Another common cyber crime is identity theft. Luckily, I haven’t dealt with this ordeal directly, but I recently had a close friend who did. It was an absolute nightmare trying to undo the damage that was done to her credit after accounts were opened in her name. That experience has left me much more conscious about my own risk. In my quest to learn how I can better protect my identity, I found out about a few surprising ways people can control their credit reports. I was already familiar with the credit freeze service, but I discovered a credit lock was also an option.

A credit lock is very similar, but not quite the same as freezing your credit. If you’re seriously concerned that your identity has been stolen you can request a security freeze. This will prevent creditors from accessing and looking at any of your credit reports unless you authorize it. That way thieves can’t use a person’s identity to open new lines of credit.

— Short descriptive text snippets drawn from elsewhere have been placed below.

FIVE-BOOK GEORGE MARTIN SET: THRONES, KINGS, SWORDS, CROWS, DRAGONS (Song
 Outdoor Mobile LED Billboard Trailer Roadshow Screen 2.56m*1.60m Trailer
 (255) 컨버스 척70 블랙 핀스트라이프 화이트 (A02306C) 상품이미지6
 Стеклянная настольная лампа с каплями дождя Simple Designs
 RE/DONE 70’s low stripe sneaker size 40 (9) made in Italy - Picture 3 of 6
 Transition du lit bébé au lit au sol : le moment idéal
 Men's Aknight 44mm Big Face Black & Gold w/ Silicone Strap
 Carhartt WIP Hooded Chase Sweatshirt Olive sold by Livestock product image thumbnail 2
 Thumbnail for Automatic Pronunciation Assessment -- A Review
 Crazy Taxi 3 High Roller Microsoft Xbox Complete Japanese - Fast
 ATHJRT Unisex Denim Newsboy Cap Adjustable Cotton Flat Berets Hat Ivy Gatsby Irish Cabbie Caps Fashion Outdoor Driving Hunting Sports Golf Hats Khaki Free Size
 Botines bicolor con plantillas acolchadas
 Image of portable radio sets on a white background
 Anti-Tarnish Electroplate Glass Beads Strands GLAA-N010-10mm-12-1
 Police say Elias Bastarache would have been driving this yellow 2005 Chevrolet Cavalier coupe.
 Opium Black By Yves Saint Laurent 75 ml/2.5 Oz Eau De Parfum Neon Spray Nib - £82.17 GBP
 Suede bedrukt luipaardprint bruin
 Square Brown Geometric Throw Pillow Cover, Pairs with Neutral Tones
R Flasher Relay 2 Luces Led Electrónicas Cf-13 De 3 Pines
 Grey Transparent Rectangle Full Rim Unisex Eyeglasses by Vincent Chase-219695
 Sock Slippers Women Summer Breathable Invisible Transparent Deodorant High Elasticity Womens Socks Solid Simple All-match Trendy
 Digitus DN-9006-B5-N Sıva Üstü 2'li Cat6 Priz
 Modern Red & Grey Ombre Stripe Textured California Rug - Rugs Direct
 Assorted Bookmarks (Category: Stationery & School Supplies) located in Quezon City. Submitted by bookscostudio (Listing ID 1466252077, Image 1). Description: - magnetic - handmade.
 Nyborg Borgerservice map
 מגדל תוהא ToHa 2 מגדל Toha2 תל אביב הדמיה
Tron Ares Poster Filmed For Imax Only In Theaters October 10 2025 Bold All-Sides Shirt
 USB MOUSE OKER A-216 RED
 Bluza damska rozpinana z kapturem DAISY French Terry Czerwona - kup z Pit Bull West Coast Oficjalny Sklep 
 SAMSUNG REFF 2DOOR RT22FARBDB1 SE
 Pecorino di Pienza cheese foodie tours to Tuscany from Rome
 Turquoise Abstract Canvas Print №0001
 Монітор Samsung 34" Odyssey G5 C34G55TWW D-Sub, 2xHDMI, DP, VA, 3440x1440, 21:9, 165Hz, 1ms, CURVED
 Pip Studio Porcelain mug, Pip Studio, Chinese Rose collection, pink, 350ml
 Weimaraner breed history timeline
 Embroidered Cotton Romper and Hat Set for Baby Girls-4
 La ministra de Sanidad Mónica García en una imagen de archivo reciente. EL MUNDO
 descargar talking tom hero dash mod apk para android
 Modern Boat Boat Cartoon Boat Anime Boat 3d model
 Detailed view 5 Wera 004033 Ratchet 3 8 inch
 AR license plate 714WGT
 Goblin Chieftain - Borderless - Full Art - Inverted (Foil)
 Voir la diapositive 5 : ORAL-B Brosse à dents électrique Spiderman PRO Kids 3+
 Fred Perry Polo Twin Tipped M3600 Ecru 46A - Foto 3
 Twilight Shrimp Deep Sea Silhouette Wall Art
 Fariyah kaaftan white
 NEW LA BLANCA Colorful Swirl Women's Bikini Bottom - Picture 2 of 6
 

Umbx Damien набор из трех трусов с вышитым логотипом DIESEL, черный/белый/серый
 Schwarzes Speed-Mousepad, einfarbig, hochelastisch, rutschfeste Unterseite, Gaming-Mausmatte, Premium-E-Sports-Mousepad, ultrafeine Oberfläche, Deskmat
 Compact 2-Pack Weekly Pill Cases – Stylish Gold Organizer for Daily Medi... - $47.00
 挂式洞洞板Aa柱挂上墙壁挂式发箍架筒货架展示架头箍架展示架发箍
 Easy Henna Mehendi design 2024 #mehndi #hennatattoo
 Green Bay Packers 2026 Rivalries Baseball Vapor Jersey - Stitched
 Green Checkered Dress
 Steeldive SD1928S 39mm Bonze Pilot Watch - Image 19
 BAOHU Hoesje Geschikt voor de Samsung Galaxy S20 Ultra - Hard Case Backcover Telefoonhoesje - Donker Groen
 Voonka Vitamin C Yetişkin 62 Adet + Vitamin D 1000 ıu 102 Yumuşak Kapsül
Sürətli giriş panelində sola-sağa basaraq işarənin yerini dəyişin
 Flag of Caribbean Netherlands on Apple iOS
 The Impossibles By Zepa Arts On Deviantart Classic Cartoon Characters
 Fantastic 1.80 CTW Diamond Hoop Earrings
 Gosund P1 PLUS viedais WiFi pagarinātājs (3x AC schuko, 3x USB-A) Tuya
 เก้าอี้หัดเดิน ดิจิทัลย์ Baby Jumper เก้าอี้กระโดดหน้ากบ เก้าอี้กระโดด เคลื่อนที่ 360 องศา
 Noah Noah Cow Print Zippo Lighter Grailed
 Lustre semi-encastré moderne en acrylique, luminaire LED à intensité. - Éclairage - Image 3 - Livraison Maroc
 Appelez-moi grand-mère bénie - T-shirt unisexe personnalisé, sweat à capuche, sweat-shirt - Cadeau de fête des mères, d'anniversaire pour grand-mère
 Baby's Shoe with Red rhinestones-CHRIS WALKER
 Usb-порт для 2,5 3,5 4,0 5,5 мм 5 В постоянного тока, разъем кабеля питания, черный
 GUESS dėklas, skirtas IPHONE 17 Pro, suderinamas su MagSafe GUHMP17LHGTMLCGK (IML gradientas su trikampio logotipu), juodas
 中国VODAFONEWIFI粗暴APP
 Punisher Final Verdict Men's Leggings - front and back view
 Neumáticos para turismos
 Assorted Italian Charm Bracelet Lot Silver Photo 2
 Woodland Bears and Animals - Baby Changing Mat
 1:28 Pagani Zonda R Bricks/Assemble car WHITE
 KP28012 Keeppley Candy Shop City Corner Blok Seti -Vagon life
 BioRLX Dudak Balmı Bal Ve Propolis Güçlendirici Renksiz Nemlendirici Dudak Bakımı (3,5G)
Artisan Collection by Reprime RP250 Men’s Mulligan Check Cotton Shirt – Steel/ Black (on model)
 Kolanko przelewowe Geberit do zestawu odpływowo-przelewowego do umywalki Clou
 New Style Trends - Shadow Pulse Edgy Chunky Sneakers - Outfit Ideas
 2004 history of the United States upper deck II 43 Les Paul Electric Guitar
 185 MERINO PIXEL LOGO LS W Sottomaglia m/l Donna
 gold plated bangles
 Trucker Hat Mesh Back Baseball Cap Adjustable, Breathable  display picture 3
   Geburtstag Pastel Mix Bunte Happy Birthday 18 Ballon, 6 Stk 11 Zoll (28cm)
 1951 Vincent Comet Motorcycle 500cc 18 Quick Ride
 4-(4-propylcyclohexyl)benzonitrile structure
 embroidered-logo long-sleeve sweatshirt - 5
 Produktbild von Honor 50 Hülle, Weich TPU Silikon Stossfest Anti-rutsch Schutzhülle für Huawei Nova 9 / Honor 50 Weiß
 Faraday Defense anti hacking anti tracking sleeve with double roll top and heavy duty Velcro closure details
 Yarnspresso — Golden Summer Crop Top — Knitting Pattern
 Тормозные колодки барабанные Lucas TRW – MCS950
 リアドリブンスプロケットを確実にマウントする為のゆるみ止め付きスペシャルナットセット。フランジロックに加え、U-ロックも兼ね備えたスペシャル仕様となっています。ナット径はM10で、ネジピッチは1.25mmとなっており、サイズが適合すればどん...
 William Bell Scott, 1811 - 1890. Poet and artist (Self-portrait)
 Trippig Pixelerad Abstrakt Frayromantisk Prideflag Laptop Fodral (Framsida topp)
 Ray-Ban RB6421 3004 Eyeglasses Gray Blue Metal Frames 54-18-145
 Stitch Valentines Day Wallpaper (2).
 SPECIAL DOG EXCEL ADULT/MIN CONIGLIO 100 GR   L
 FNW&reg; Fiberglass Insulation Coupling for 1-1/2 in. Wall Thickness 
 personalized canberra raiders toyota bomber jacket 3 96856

Each of the credit bureaus also allows consumers to use a credit lock. It’s not as draconian as a credit freeze, however, a credit lock comes with a few advantages of its own.

Advantages of a Credit Lock

A credit freeze offers identity theft protection, but lifting a freeze can be a real hassle. That’s where a credit lock has the advantage. With a credit lock, you have more control over the status and accessibility of your reports.

Better Manageability

Unlike a credit freeze, state laws don’t dictate a credit lock. You can initiate or end it at any time. If you initiate a credit freeze, your state may decide how long it remains in effect (usually several months). It’s a lot easier to lift a credit lock since you can do it yourself through your account. You can also lock and unlock your credit report as many times as you want throughout the year whether or not you’ve been a victim of identity theft.

Straightforward Fees

Depending on your state’s credit freeze laws, you may have to pay a fee to initiate a credit freeze, lift a credit freeze and/or receive a new PIN or code to access your accounts. The cost of a credit lock is very straightforward. The bureaus charge either a monthly fee or an annual fee that covers the service for the entire year. There’s no fee to end the credit lock or establish a new PIN.

You Can Still Get Credit

With a freeze, it can be difficult to establish new lines of credit since all three credit reports are simultaneously inaccessible unless you provide approval for a creditor with each credit reporting agency.

Preventative, Not Reactionary

A critical shortcoming of a credit freeze is that it’s reactionary. It may not be possible to initiate a freeze unless your identity has already been compromised. A credit lock is a preventative measure that can be used to limit access long before identity theft is a concern.

Disadvantages of a Credit Lock

The obvious disadvantage of a credit lock is its limited scope. In order to cover all three credit reports, you’ll need to set up a credit lock with each bureau. A credit lock through one credit bureau won’t impact the other two reporting agencies.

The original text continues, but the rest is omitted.